WASHINGTON, Oct. 13 (UPI) -- Al-Qaida's finances are depleted to the point its influence has begun to decline, a U.S. Treasury official said.
"We assess that al-Qaida is in its weakest financial condition in several years, and that, as a result, its influence is waning," Assistant Treasury Secretary David Cohen, whose department works on strategies to disrupt terrorist financing, told a money laundering enforcement conference in Washington.
Cohen said in the first six months of this year, al-Qaida leaders made four public appeals for money, including one in June when a leader announced a lack of funding was hurting its recruitment and training, a Treasury Department news release said.

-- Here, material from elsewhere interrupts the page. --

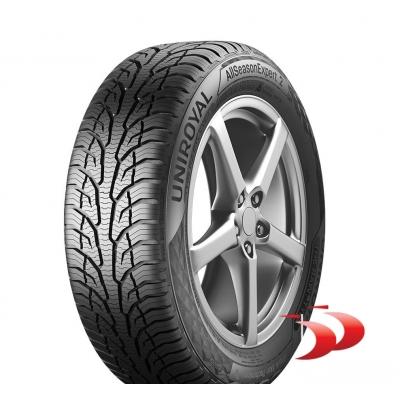 Uniroyal 215/60 R16 99V XL ALL Season Expert 2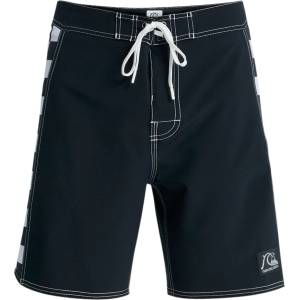 Quiksilver Мъжки бордшорт Quiksilver Original Arch 18'' Boardshorts - Black - размер 28 (US) (050-2561-0111)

"Al-Qaida's current financial predicament represents one good measure of the success of these coordinated strategies," he said, adding the Treasury Department is deeply involved in the effort to deny financial support to other groups including the Taliban and the Haqqani network, which are active in the Afghanistan-Pakistan region.
Cohen, however, warned "there continues to exist a pool of donors who are ready, willing and able to contribute to al-Qaida" and to disrupt those sources would require cooperation from other countries.
He said groups like the Taliban are in much stronger financial shape, partly because of their reliance on drug trafficking and other criminal activities.
But Cohen said as these groups turn more to conventional criminal activity, they become "increasingly vulnerable to detection" by authorities.